I'm living the very best life I can now. Sold everything I owned and moved the horses and my truck to Scotland. I'm getting my doctorate and dealing with all the demons in my life. The amount of power I have now is incredible and the world seems more vibrant. Hard to explain, but a lot of the fears I had are gone now. It seems a lot like what the astronauts get, when your perspective becomes vast and you realize the world is a small speck in the universe and you get a profound sense of the world's humanity. The only down side is that sometimes it makes normal stuff seem totally trivial. Lol. A price I will gladly pay to see the forest instead of just the trees.

I was very vocal about what happened to me after and encouraged people to go get their yearly exams. As a result 2 people I know went to their exams and the docs caught cervical cancer early. They are both doing great now.

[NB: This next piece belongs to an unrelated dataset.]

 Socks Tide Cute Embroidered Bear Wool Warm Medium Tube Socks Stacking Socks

*Men and women...please learn from me. Go to the doctor for your yearly exams. Don't wait. Don't be shy. If you think something is up then just go. Your pride isn't worth your life. 1 in 10 women you know will have ovarian cancer. Don't wait. Go get your exams. *


1. Don't read this if you have a weak stomach.

I'm an emergency dept nurse at a fairly large hospital in our states capital city. We're not the state trauma centre, but it's a rough area and we get some pretty beaten up walk ins. Night shift one night, a car drives up to the ambo bay, and just leans on the horn... which always means bad news.

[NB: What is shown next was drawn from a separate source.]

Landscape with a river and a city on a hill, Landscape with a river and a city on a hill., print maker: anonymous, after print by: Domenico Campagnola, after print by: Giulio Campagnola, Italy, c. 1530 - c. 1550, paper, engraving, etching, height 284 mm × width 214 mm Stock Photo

Last time this happened was a heart attack with someone doing cpr in the back seat... but also, as I said, rough neighbourhood. Could have been someone luring staff outside to assault them (that's happened too).

Triage nurse, and another nurse look out through the glass at the bay... no ambos around. Sedan, still running, one visible occupant, slumped over the steering wheel... horn going. Decision made. Doctor called overhead. Male nurses come too. Door opened. Out we go.

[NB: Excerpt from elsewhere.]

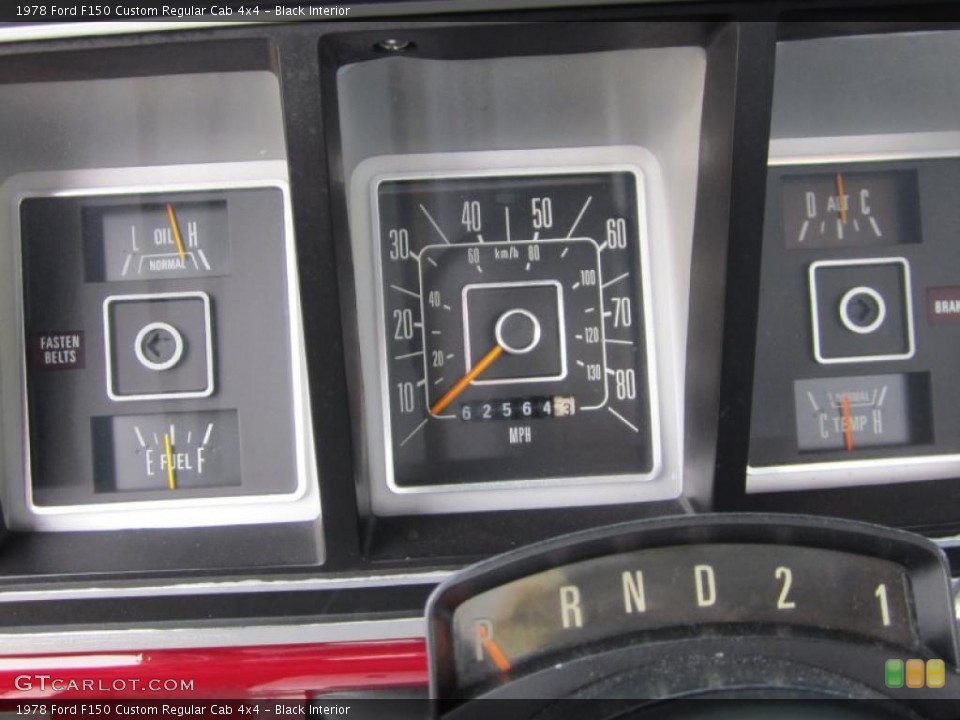Black Interior Gauges for the 1978 Ford F150 Custom Regular Cab 4x4 #33193820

First thing noticed... driver is pretty grey looking. Get the door opened, it's pretty dark, but his shirt is obviously soaking wet. His arm is across his chest. Could be a heart attack... maybe sweat. But it stinks, and I mean stinks, like blood.

It's Australia, it's summer, it's hot... we're sweating. Doc mentions "I just stepped in blood."... uh oh.

Gloves are already on (standard precaution), but no-one is running for gowns. Haul this dude out of the car (no seatbelt) onto a barouche and inside. Under the light you can see that his shirt is pre-shredded (helpful for us, probably a stabbing)... we aren't stopping... motoring to resus.

Triage nurse runs to the overhead and bellows... "level one in resus. Resus teams 1 & 2". you can hear the panic in her voice... she's been doing this job for years... she's seen some things in her time.

We don't really have a second resus team... junior staff look up and comment things like "we don't have a resus team 2", or "who's on resus team 2?" Every nurse and doctor who's got some experience gets free and migrates to resus. Probably leaves about 2 doctors (both probably interns) and maybe 10 nurses for the rest of our large department.

We're in resus. We've got lights. We've got the senior doc on shift. We've got some veteran nurses. And we've got a very pale looking dude lying on the bed. It's the first time we've really gotten a decent look at him. His arm is still clutched across his torso, and he is holding on for dear life... but he looks doomed.

Junior resus doc starts moving to insert an access in the fellas arm, senior stops him, says "go sort transfusion"... we can't even get a radial on the dude. Blood is hitting the floor... there's a trail leading back to the ambo bay.

Senior doc peels back the guys arm... his shirt is stuck to it. I was not looking, but I turned when everyone stopped talking. Doc's been around... he's seen some stabbings. This dude had not been stabbed. He had been filleted.

His arm was the only thing holding his chest closed.

He didn't make it.

We found out from the police that the guy had been attacked at a traffic light, 2 streets from the hospital... car door opened, and not literally, not figuratively, actually... been butterflied. 3 cuts... pre thoracotomied. Still somehow drove himself to the hospital. He was alive when he got to us... because he pulled the handbrake, but that was probably the last conscious thought he had.